[Provided entries — start]

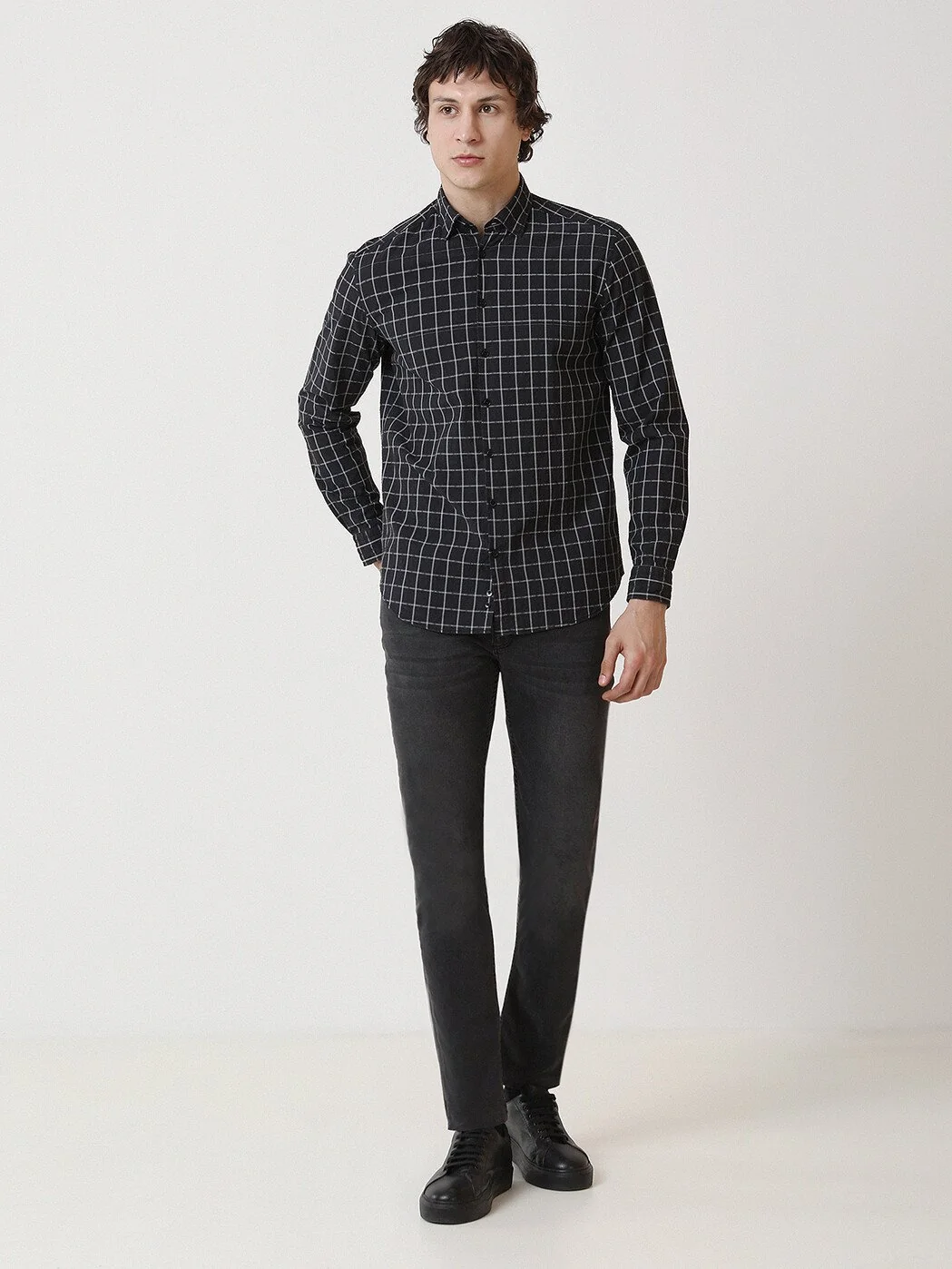 Antrasit Kareli Regular Fit Dokuma Casual Pamuk Karışımlı Gömlek - 4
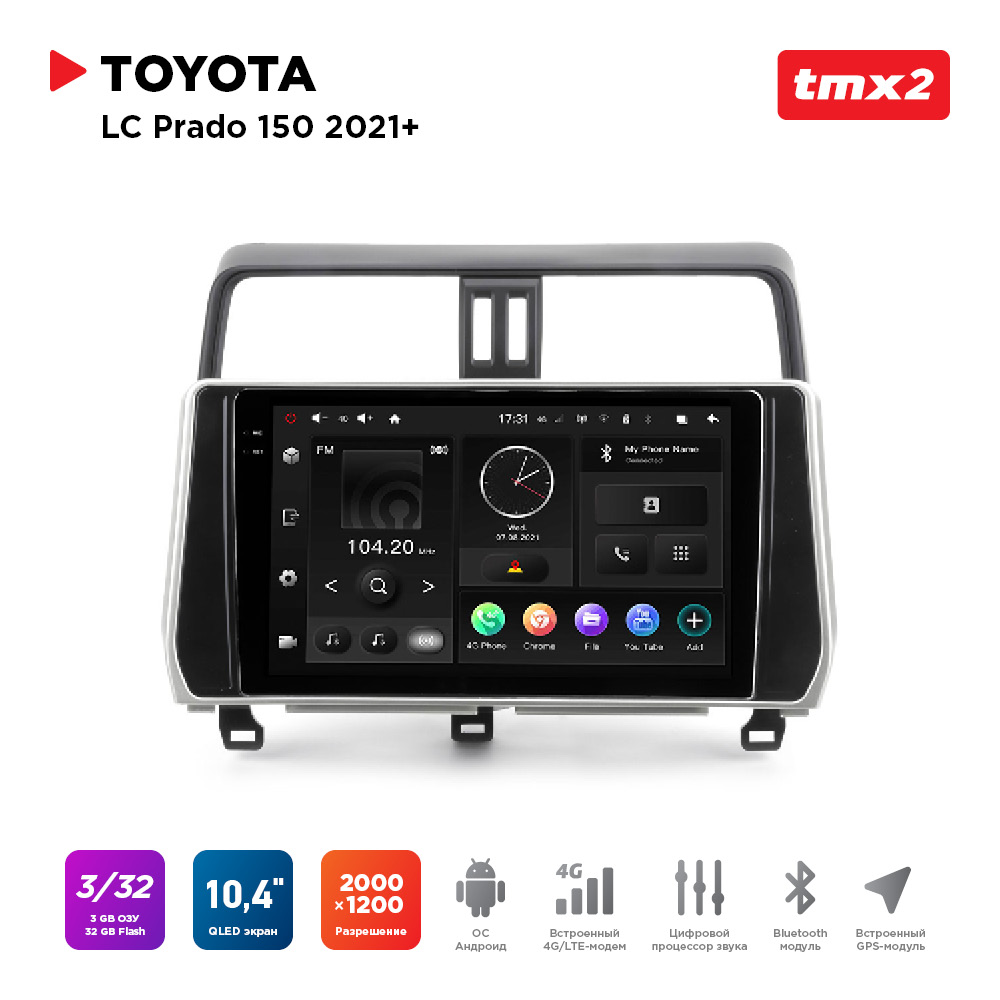 ШГУ Toyota LC Prado 150 21+ (MAXIMUM Incar TMX2-2215-3) Android 10/2000*1200, BT, wi-fi,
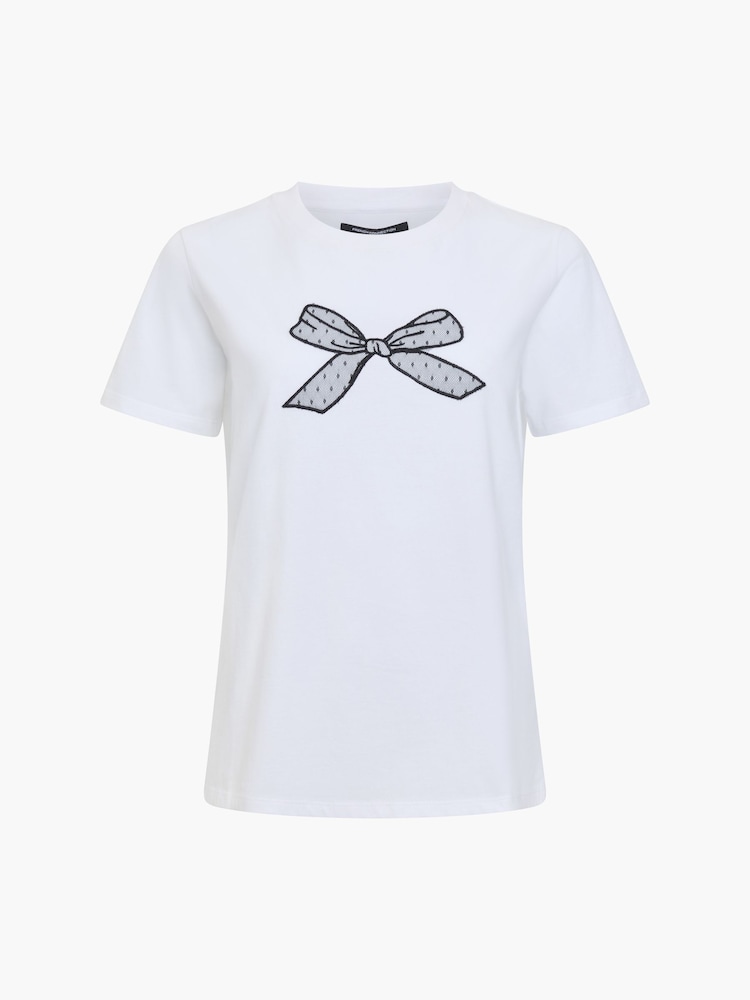 French Connection White Mesh Bow Cotton T-Shirt - Image 4 of 4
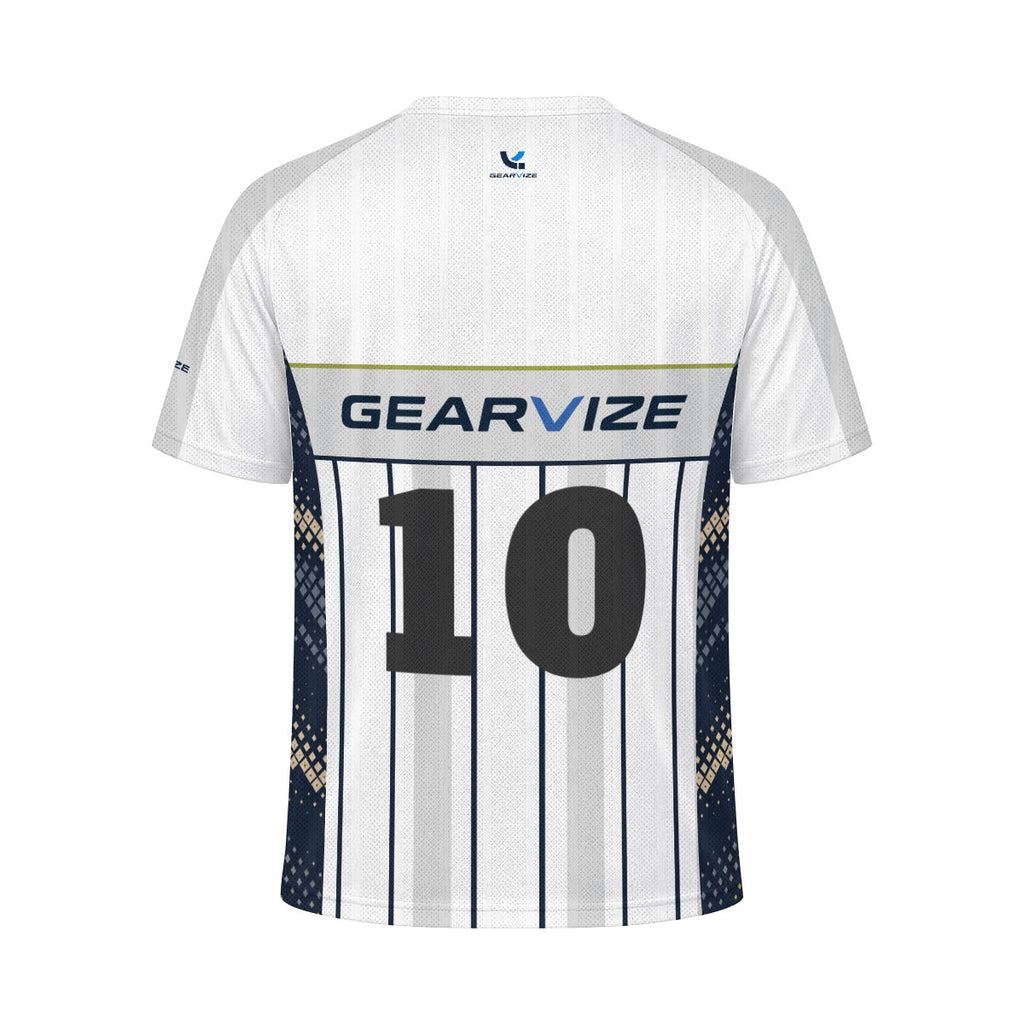 Soccer Jacquard Mesh Jersey – Navy Pinstripe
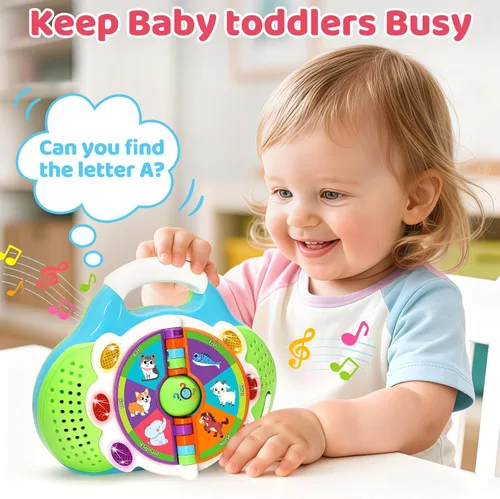 Vista 5 de KIZZYEA Juguetes de aprendizaje Montessori para niños y niñas de 1, 2, 3 años, juguete musical de alfabeto para niños pequeños, juguetes educativos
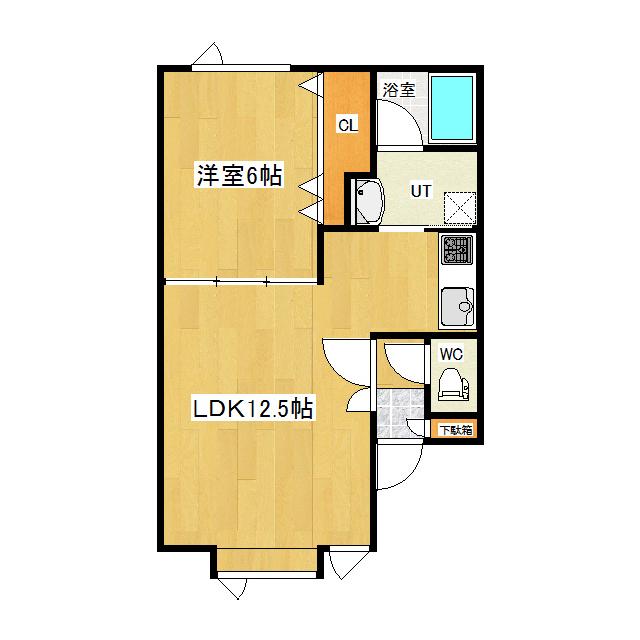 アルファステージ432(1LDK/1階)の間取り写真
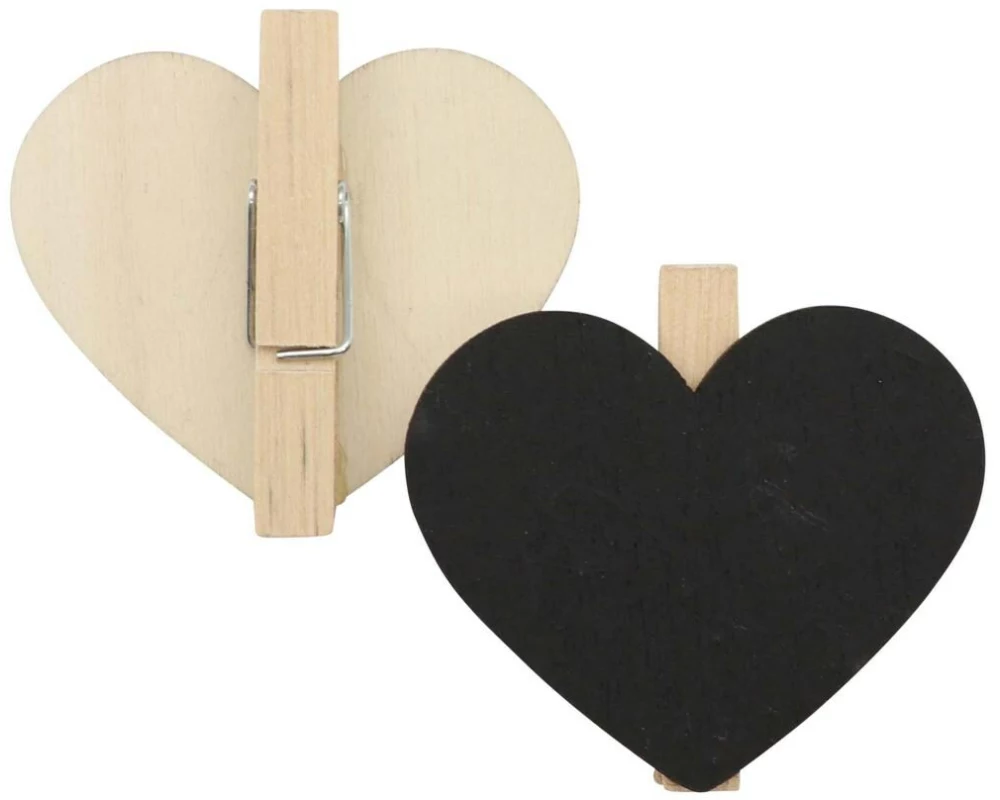 Glorex Kreidetafel mit Klammer Herz, 6 Stück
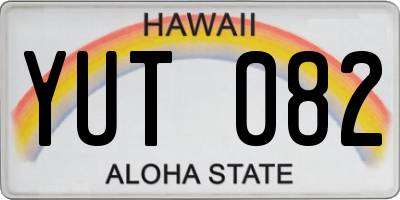 HI license plate YUT082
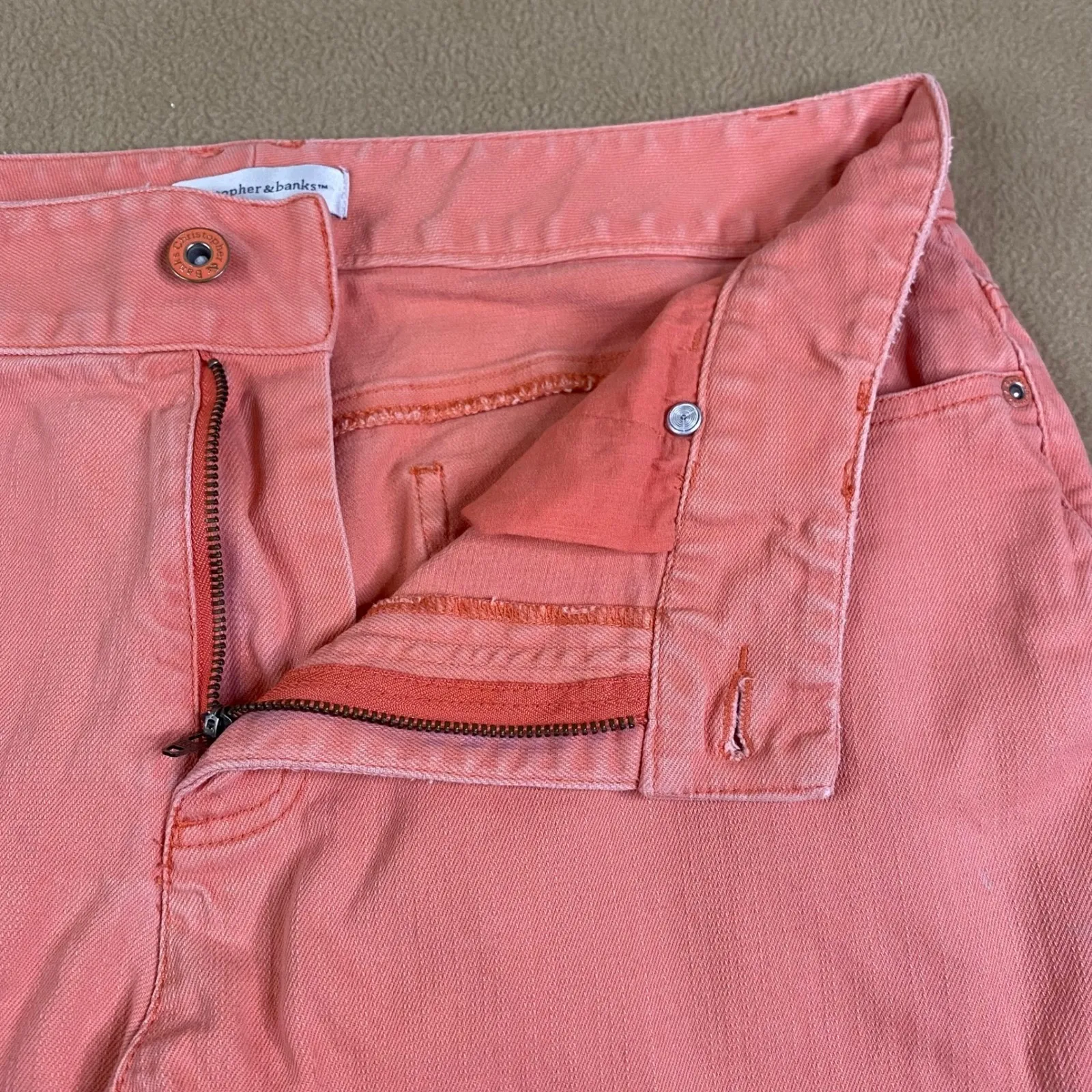 Christopher & Banks Coral Pink Capri Pants Women Sz 10 Cropped Denim Casual EUC - Image 5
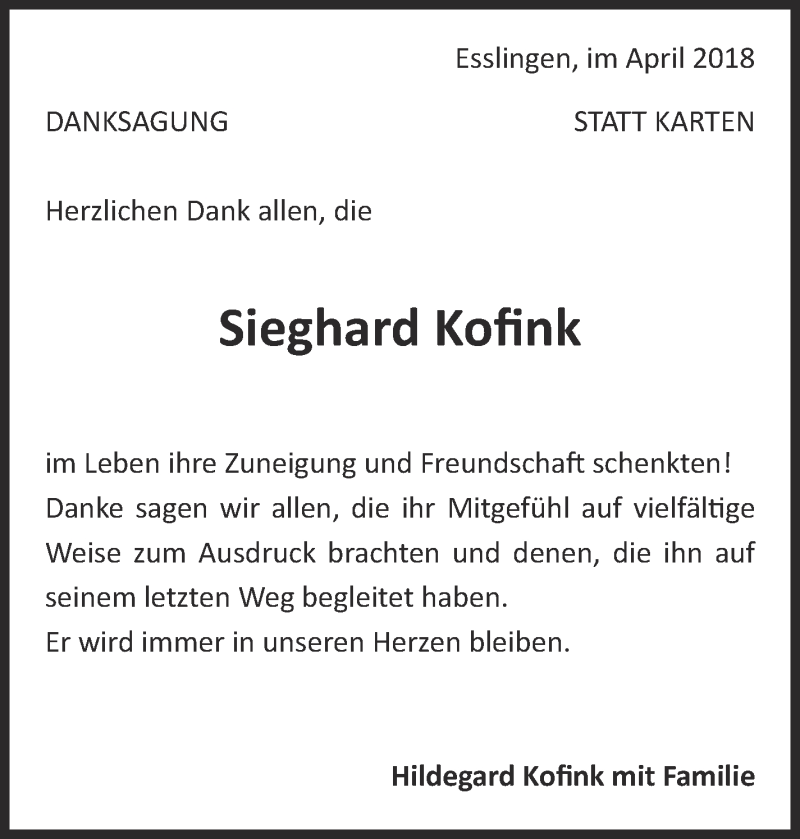  Traueranzeige für Sieghard Kofink vom 06.04.2018 aus Eßlinger Zeitung/Cannstatter Zeitung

[Provided entries — finish]

▶ _Exercise objective_
From the line with "Soccer Jacquard Mesh Jersey – Navy Pinstripe" to the final line of the entries above, reproduce each line exactly and nothing else; the pictures stay out.

▶ _Response below_
 Soccer Jacquard Mesh Jersey – Navy Pinstripe
 Vista 5 de KIZZYEA Juguetes de aprendizaje Montessori para niños y niñas de 1, 2, 3 años, juguete musical de alfabeto para niños pequeños, juguetes educativos
 アルファステージ432(1LDK/1階)の間取り写真
 Glorex Kreidetafel mit Klammer Herz, 6 Stück
 HI license plate YUT082
 Christopher & Banks Coral Pink Capri Pants Women Sz 10 Cropped Denim Casual EUC - Image 5
  Traueranzeige für Sieghard Kofink vom 06.04.2018 aus Eßlinger Zeitung/Cannstatter Zeitung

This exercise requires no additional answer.